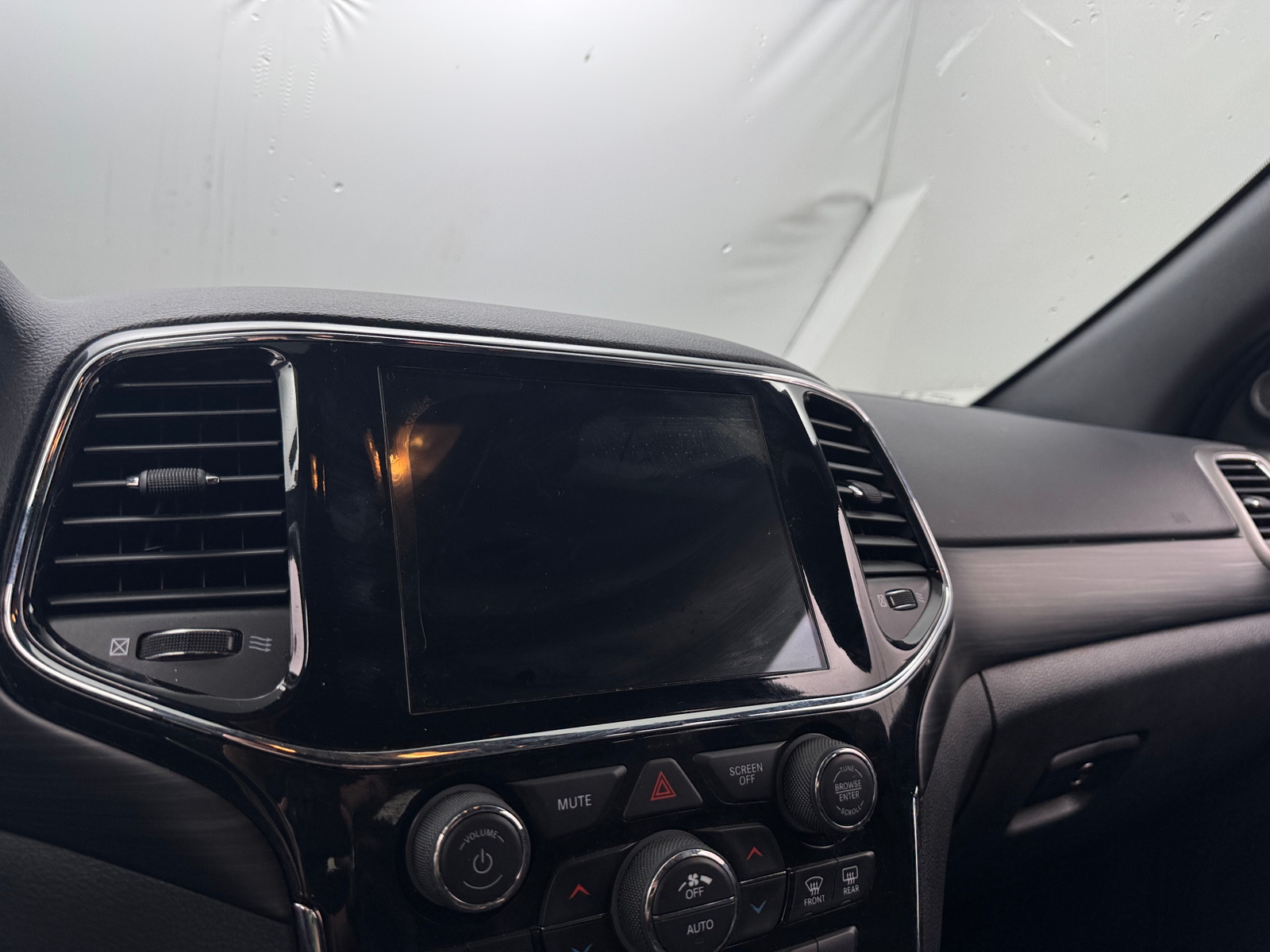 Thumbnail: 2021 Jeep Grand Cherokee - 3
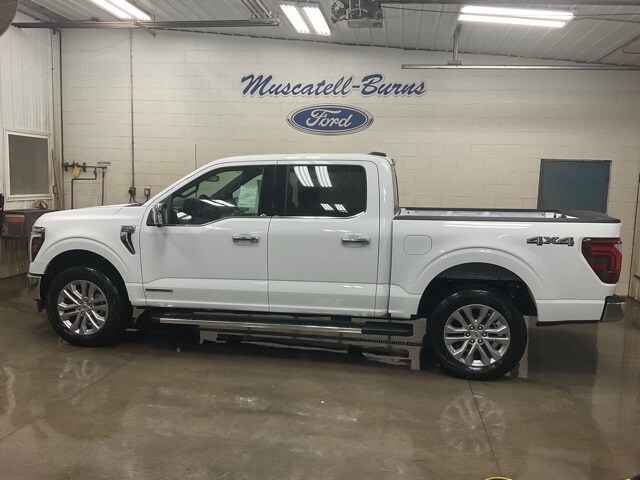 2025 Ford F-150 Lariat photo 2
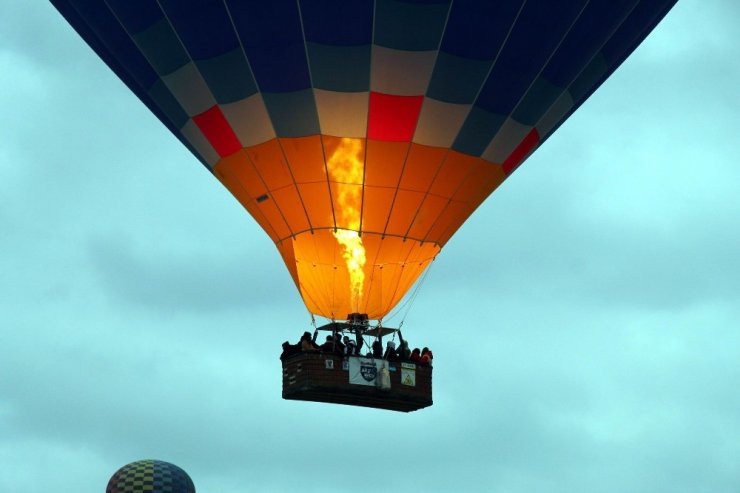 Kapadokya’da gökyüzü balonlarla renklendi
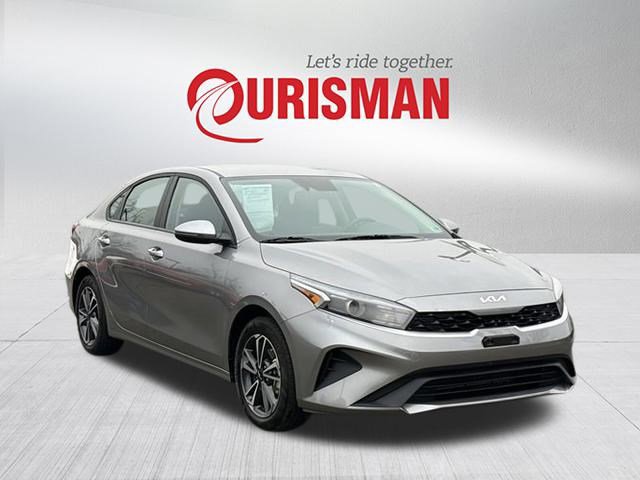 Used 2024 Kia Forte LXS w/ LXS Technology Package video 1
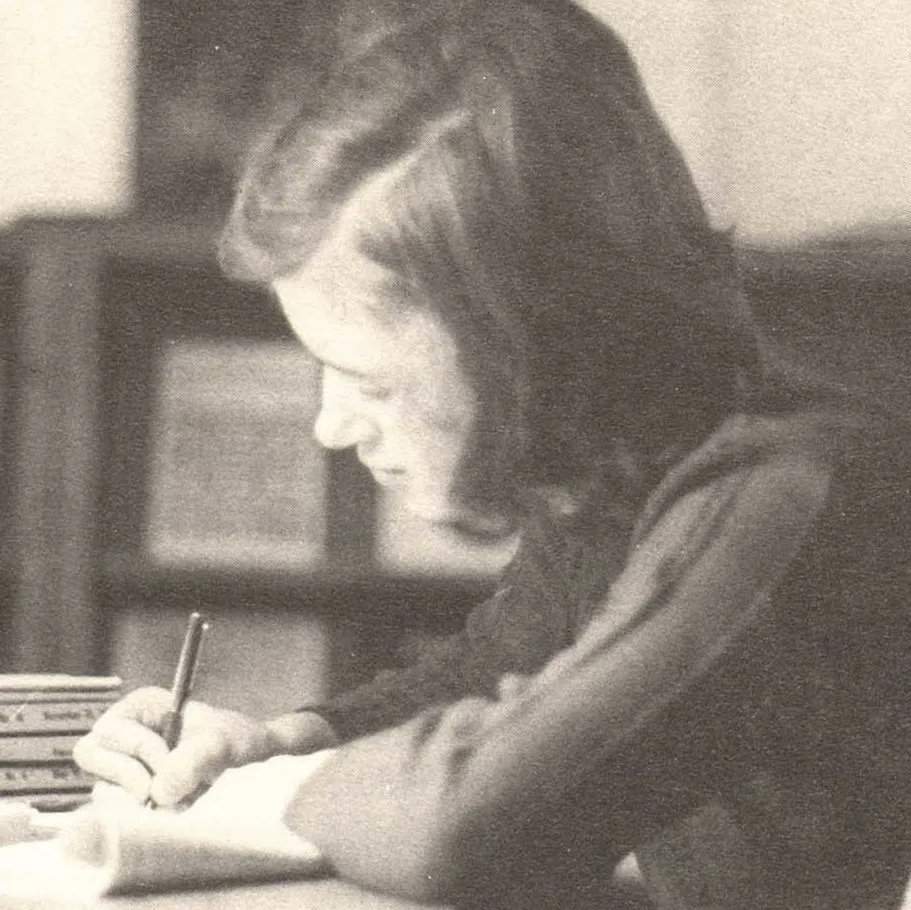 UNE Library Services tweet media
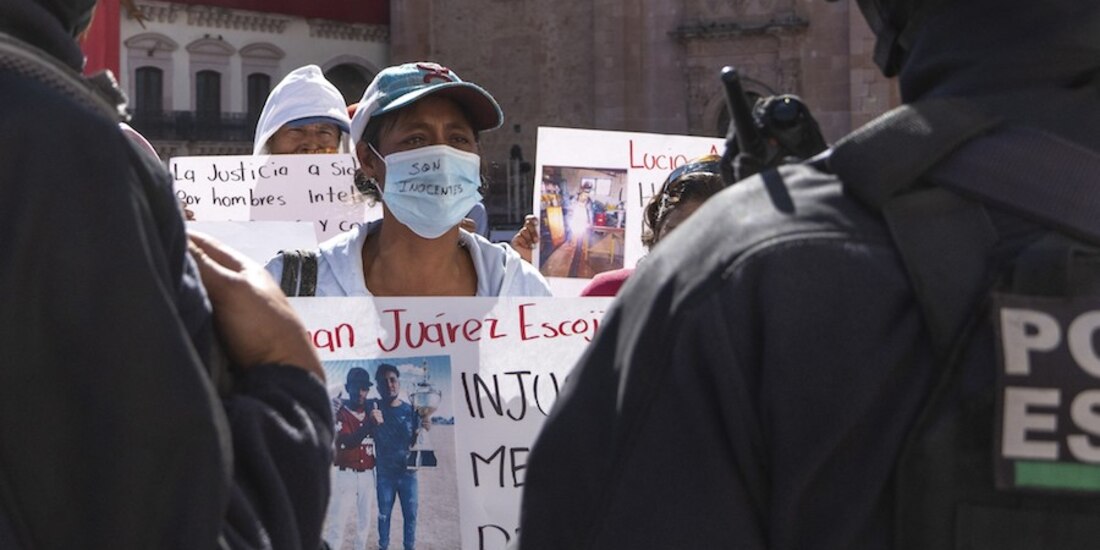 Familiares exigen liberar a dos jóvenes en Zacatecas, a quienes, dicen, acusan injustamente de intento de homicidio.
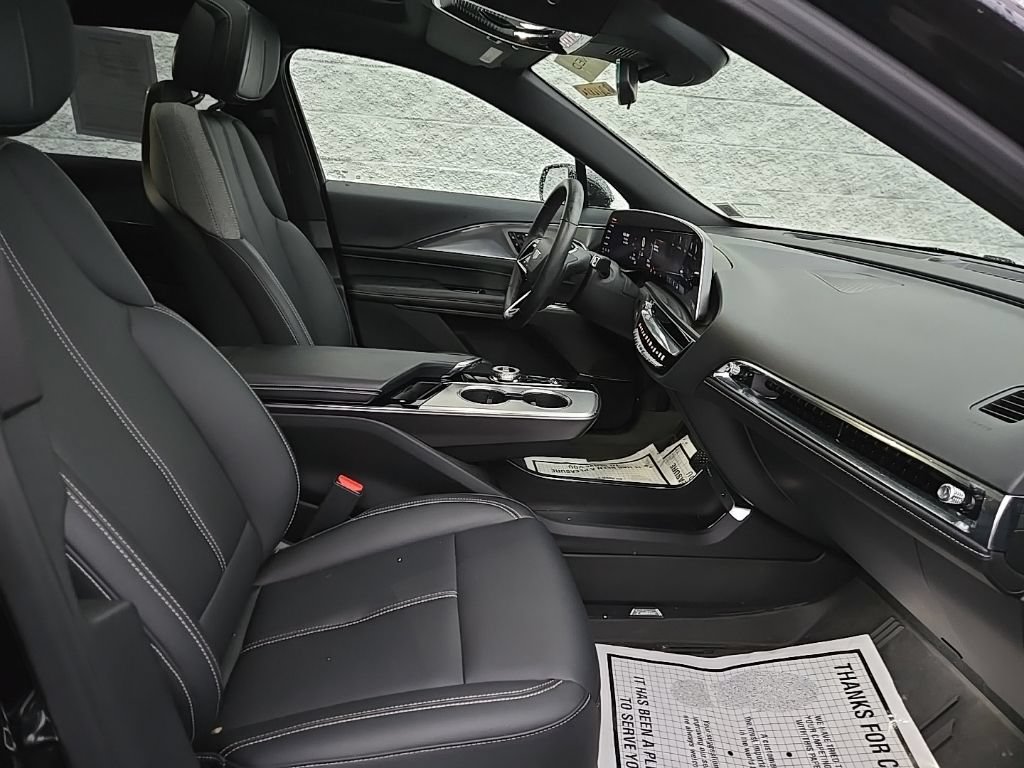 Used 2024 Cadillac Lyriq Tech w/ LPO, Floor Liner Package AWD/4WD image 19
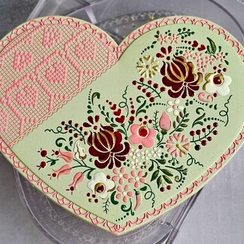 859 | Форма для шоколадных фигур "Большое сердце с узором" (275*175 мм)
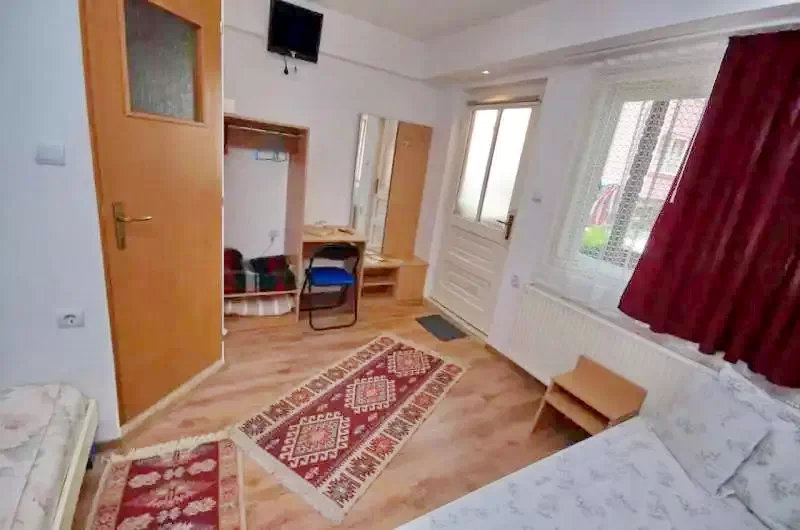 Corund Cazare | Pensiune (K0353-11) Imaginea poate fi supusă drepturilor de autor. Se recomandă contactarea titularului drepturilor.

◇ ◇ ◇ ◇ ◇

**WHAT THE EXERCISE ASKS:** Apart from the images, everything in the records must be repeated exactly.

**EXERCISE SOLUTION:**
 Thumbnail: 2021 Jeep Grand Cherokee - 3
 2025 Ford F-150 Lariat photo 2
 Kapadokya’da gökyüzü balonlarla renklendi
 Used 2024 Kia Forte LXS w/ LXS Technology Package video 1
 UNE Library Services tweet media
 Familiares exigen liberar a dos jóvenes en Zacatecas, a quienes, dicen, acusan injustamente de intento de homicidio.
 Used 2024 Cadillac Lyriq Tech w/ LPO, Floor Liner Package AWD/4WD image 19
 859 | Форма для шоколадных фигур "Большое сердце с узором" (275*175 мм)
 Corund Cazare | Pensiune (K0353-11) Imaginea poate fi supusă drepturilor de autor. Se recomandă contactarea titularului drepturilor.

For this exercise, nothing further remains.